Sooooo, I’m building a workbench, or at least I’m supposed to be building one. However, what with going to work every day and trying to watch all of the world cup matches, it just isn’t happening.
I got a few hours in the shop this week and decided to clean up the Union No. 41 Tongue and Groove plane that I bought at the swap market last weekend, and wrote about in my last post.
I don’t know if I should really call this a tool restoration as I’m not repainting or re-plating anything. What the plane really needs is a through clean and polish. Oh, and the knob could use refinishing.
First, I took everything apart. I did not remove the pin and spring in the front of the plane as the retaining pin holding it in place looked as though it would be damaged if I tried to pull it out. In any case, I didn’t need to remove it as I was able to clean all parts of it simply by rotating the pin.
Some people will be appalled by how I do this, but I want to put this plane back to use and have it look nice. I’m not trying to keep a collectors piece in original condition.

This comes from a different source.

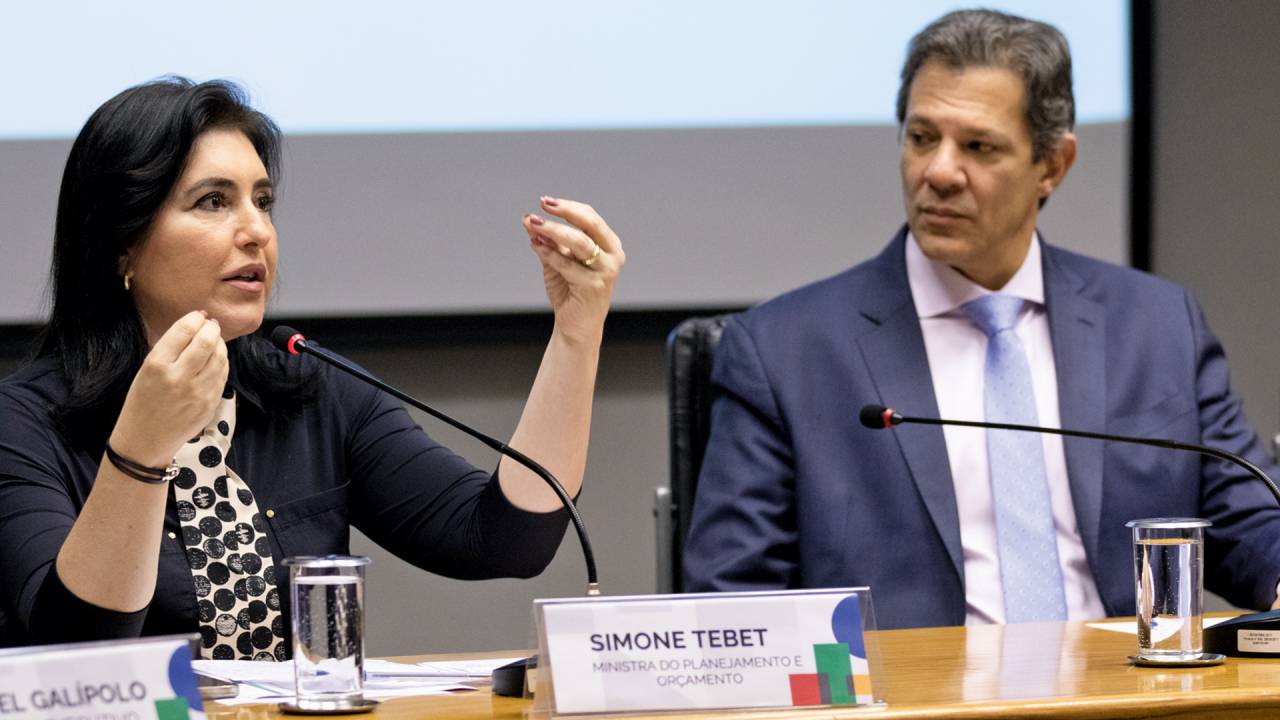 APAGANDO INCÊNDIOS - Tebet e Haddad: em busca de soluções capazes de conter os impulsos expansionistas de Lula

My favorite and go-to tool for cleaning up old hand tools is my bench grinder. I have removed the stones and guards and have installed a buffing wheel on one side and a soft wire wheel on the other. My wire wheel is sort of worn out and doesn’t have densely packed wires. This is great, you don’t want anything that is going to be aggressive. Look for a wheel that has fine wire that is crimped and spreads out loosely. You don’t want thick wire or a densely packed wire wheel or it will eat into the metal of your tool. You just want to remove the rust and surface grime.
I lightly and gently went over every surface with the wire wheel. I do mean every surface. Make sure to get in the threads of all the screws. Then I polished all of the accessible surfaces with the buffing wheel and compound. I have found that this will normally not remove the nickel plating and will polish the steel where the plating is already missing to such a degree that it tends to blend with the plated areas.
The one problem with using this polishing compound is that it tends to leave a black residue in all of the nooks and crannies that has to be removed. To remove this and any other remaining grime, I took the parts to my utility sink and ran the water nice and hot. I used a nylon bristle nail brush and some barkeepers friend. Normally, I love using barkeepers friend, it quickly removes all of the compound residue and any remaining dirt. However, there was one major setback to using it this time. All of the steel parts that were not nickel plated had polished up very nicely on the buffing wheel, but the oxalic acid in the barkeepers friend darkened them. It did not look good. In retrospect, I should have used the nail brush and either some mineral spirits or some rubbing alcohol to remove the compound.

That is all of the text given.